Democrats in Congress remain deeply divided over whether to fall in line behind Biden or to urge him to step aside because of persistent questions about his health and acuity.

Biden has said he is fit to serve but understands the questions.

Some have expressed concern that Biden remaining at the top of the ticket could cost the Democrats the White House and both houses of Congress in November’s election.

But public defections remain a small segment of the 213 Democratic-aligned House members, and the party’s leadership continues to back Biden publicly.

No members of the Senate have publicly said Biden should stand aside.
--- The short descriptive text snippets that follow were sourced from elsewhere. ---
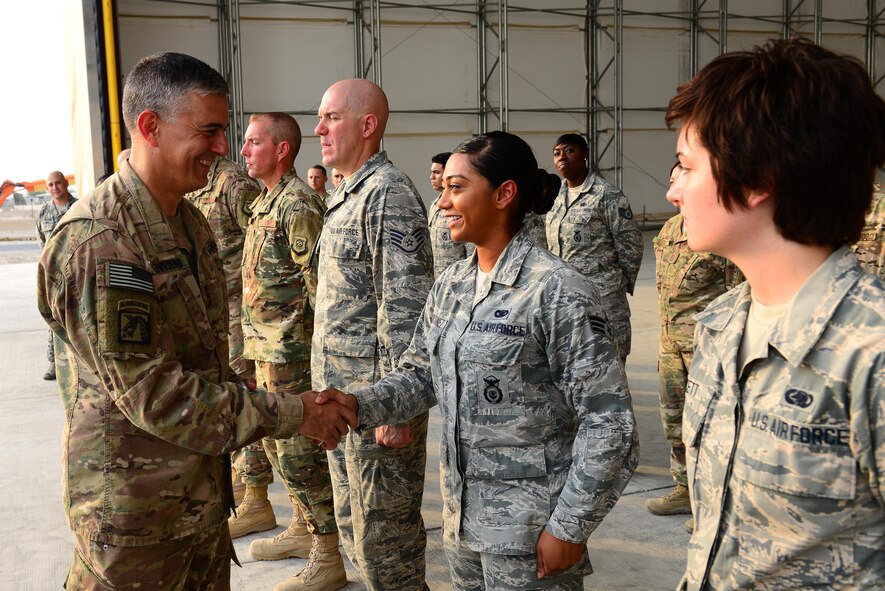 U.S. Army Lt. Gen. Stephen Townsend, Combined Joint Task Force – Operation Inherent Resolve commanding general, coins Senior Airman Gracie Martinez a security forces member assigned to the 407th Expeditionary Security Forces Squadron, during his visit to the 407th Air Expeditionary Group in Southwest Asia July 6, 2017. The general stopped at several work centers meeting with Airmen and Marines, discussing the various missions they perform at the 407th AEG and the Special Marine Air Ground Task Force. (U.S. Air Force photo by Tech Sgt. Andy M. Kin)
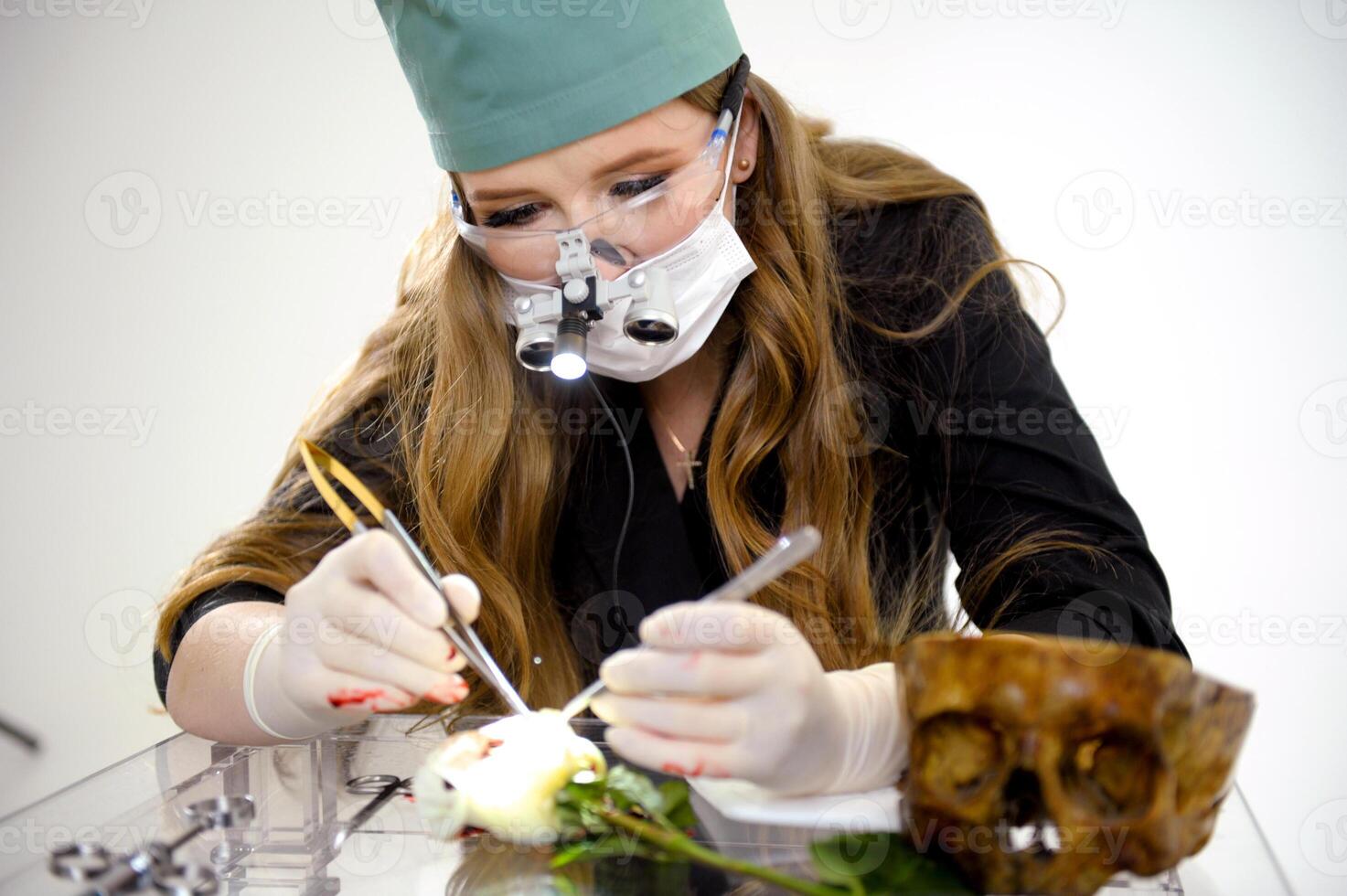 Selective focus on surgical needle holder with blur background.Surgeon or doctor inside operating room did suture while surgery in hospital.Orthopedic or cosmetic and surgical emergency surgery. photo
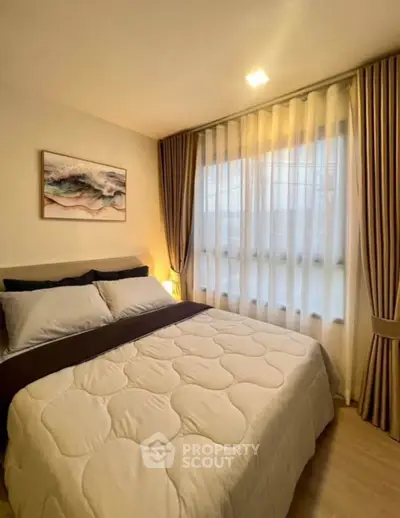 Cozy bedroom with soft lighting and elegant curtains, perfect for relaxation.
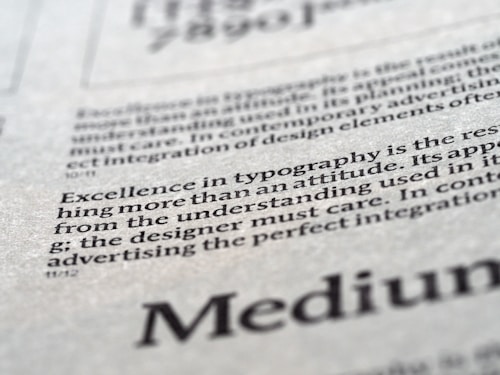 Close-up view of printed text on a textured paper surface. The focus is on the sentence 'Excellence in typography is the result of nothing more than an attitude.' The typeface and layout suggest a refined attention to typographic detail.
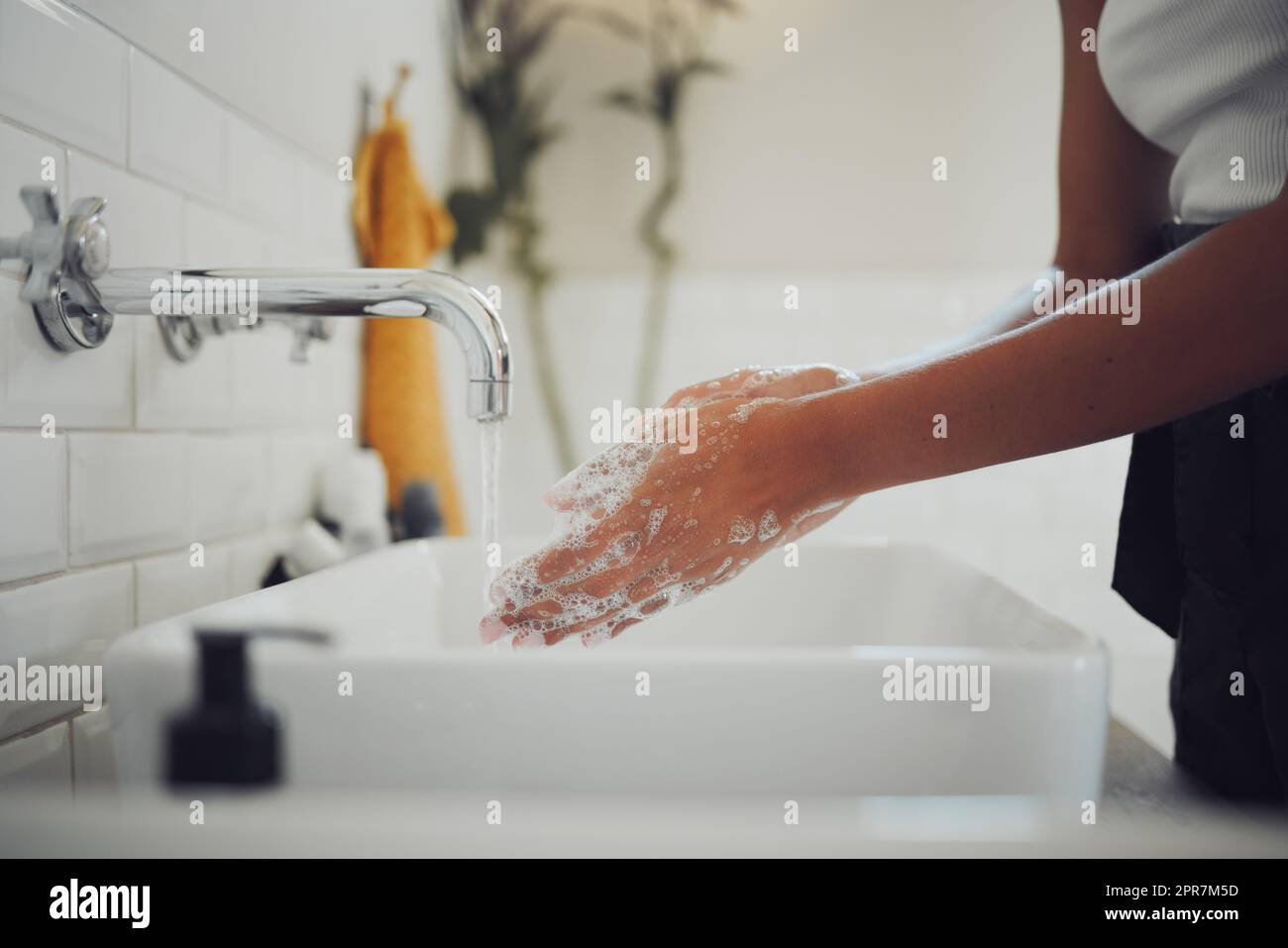 Primo piano delle mani femminili con sapone e lavare le mani con acqua pulita sotto l'acqua corrente. Donna latteria e risciacquo per prevenire la diffusione di germi, infezioni batteriche Foto Stock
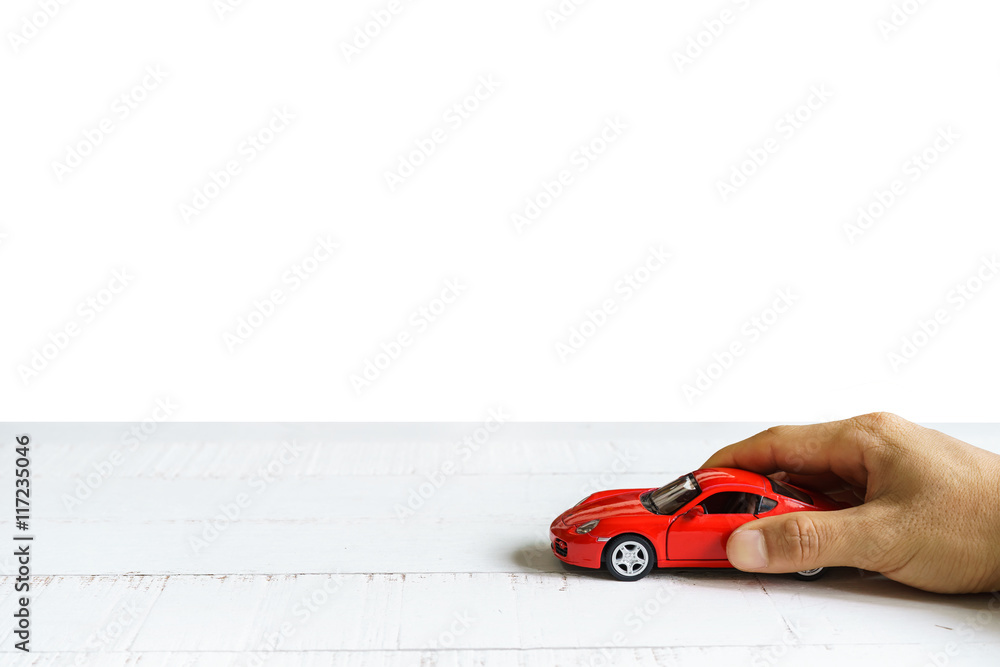 Car in hand on wooden table isolated on white background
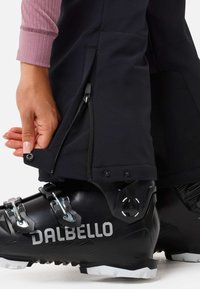 Zwarte skiboot met zilveren accenten en een textuur oppervlak, gecombineerd met zwarte buitenkleding met een rits en drukkers aan de zoom.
However, Colorado Senator Michael Bennet said on Tuesday he did not believe Biden could beat Trump.

House and Senate Democrats met privately on Tuesday with tensions running high.

The conversation was “dour” and “sad” in the House, legislators said, as they discussed their party leader who emphatically refuses to step aside and implored them in a sharply worded letter to refocus from him to the threat posed by Republican Trump.

In the Senate, where Biden spent a storied career, they said even less.

Late in the day, a seventh House Democrat, Mikie Sherrill of New Jersey, publicly said Biden should not run for re-election.

A military veteran, Sherrill said with Trump running for the White House, “the stakes are too high — and the threat is too real — to stay silent”.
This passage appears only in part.